PROBLEM DESCRIPTION - Output the data word for word, dropping every image.

PROVIDED MATERIAL -
+++

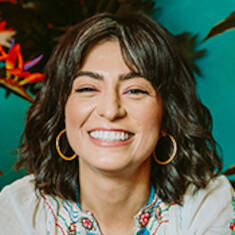 Melissa  Villaseñor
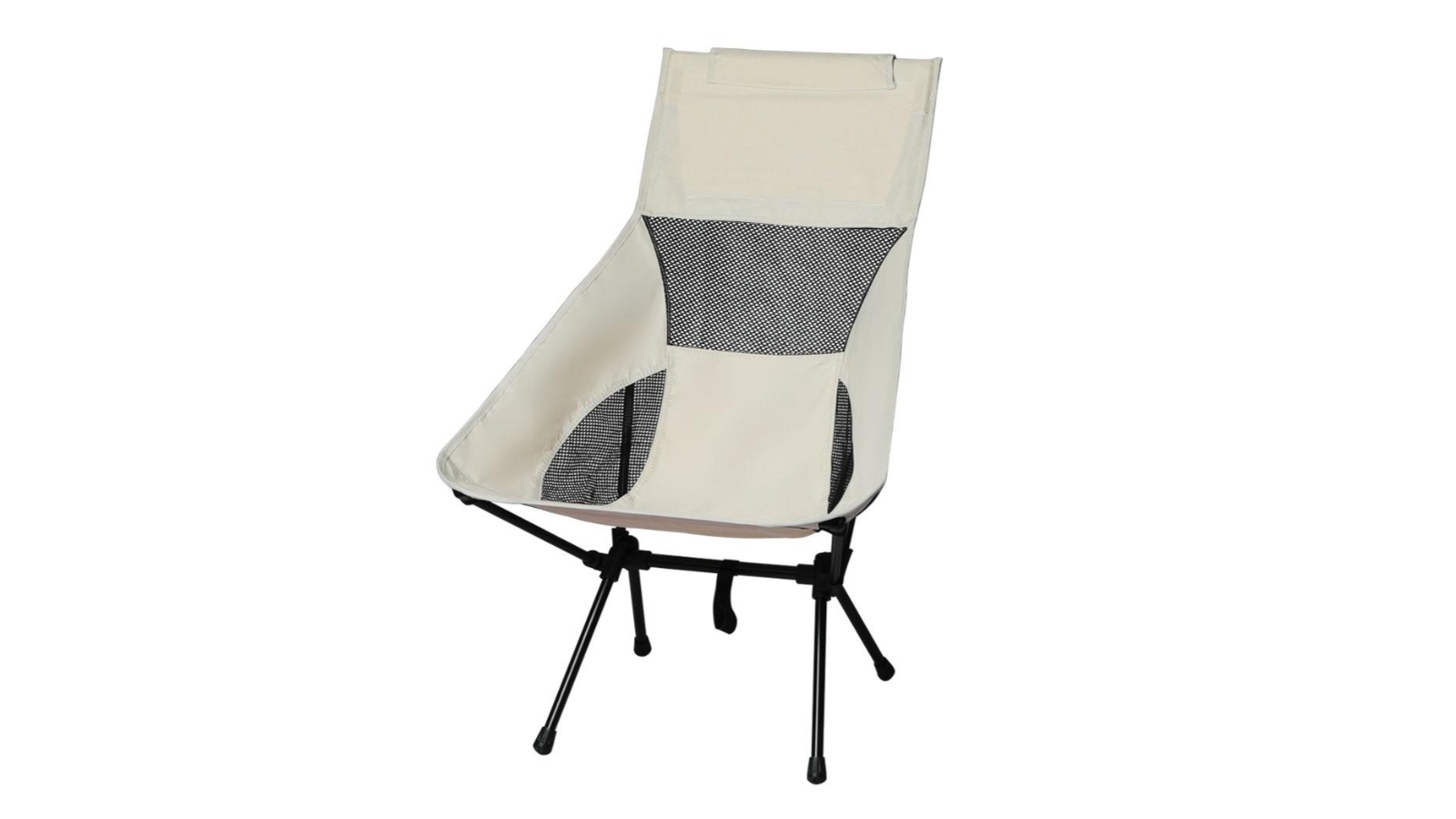 Sello Outdoor Folding Camping Chair - Large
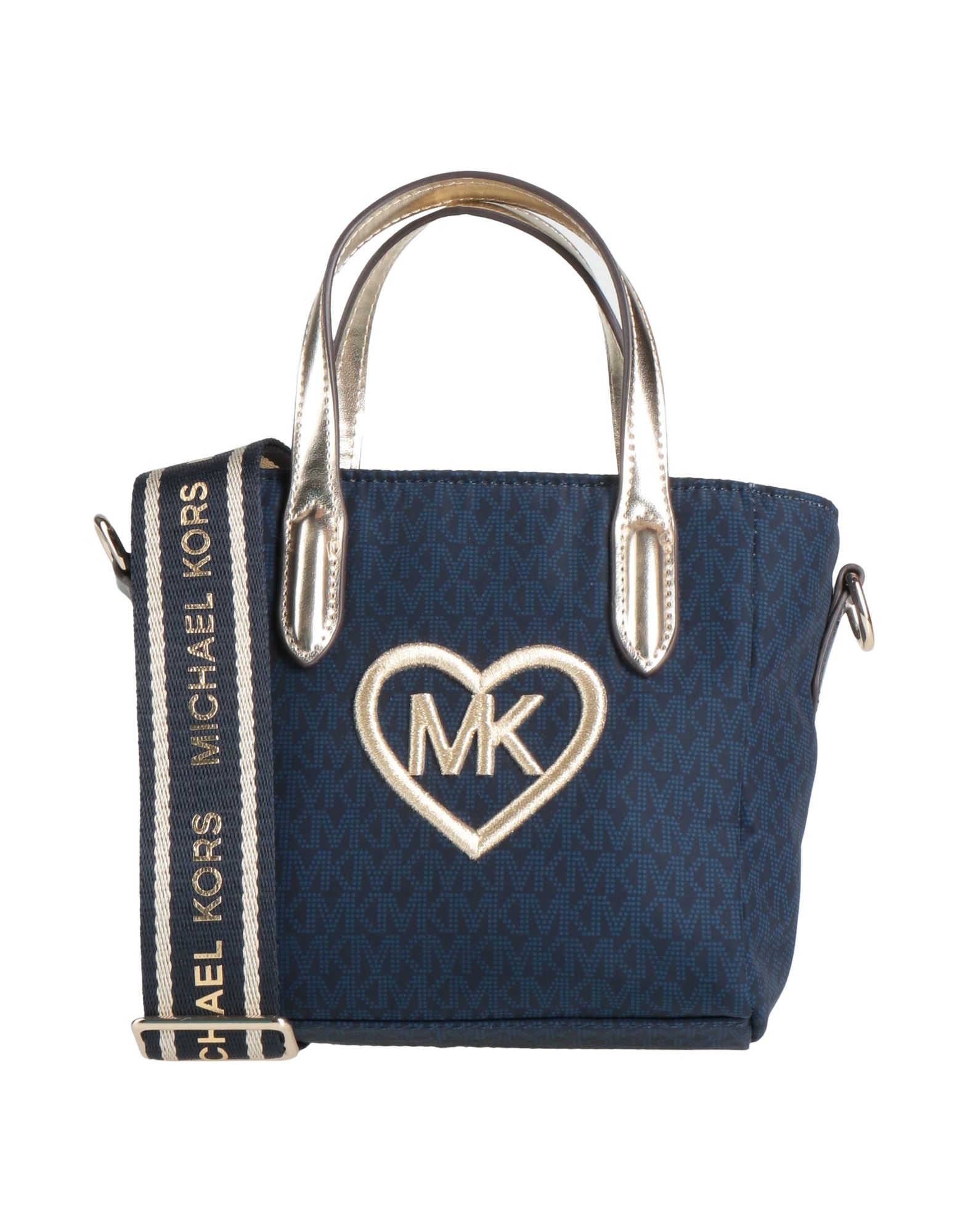 MICHAEL KORS KIDS Handtaschen Damen Nachtblau von MICHAEL KORS KIDS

+++

RESULT OF THIS EXERCISE -
 Melissa  Villaseñor
 Sello Outdoor Folding Camping Chair - Large
 MICHAEL KORS KIDS Handtaschen Damen Nachtblau von MICHAEL KORS KIDS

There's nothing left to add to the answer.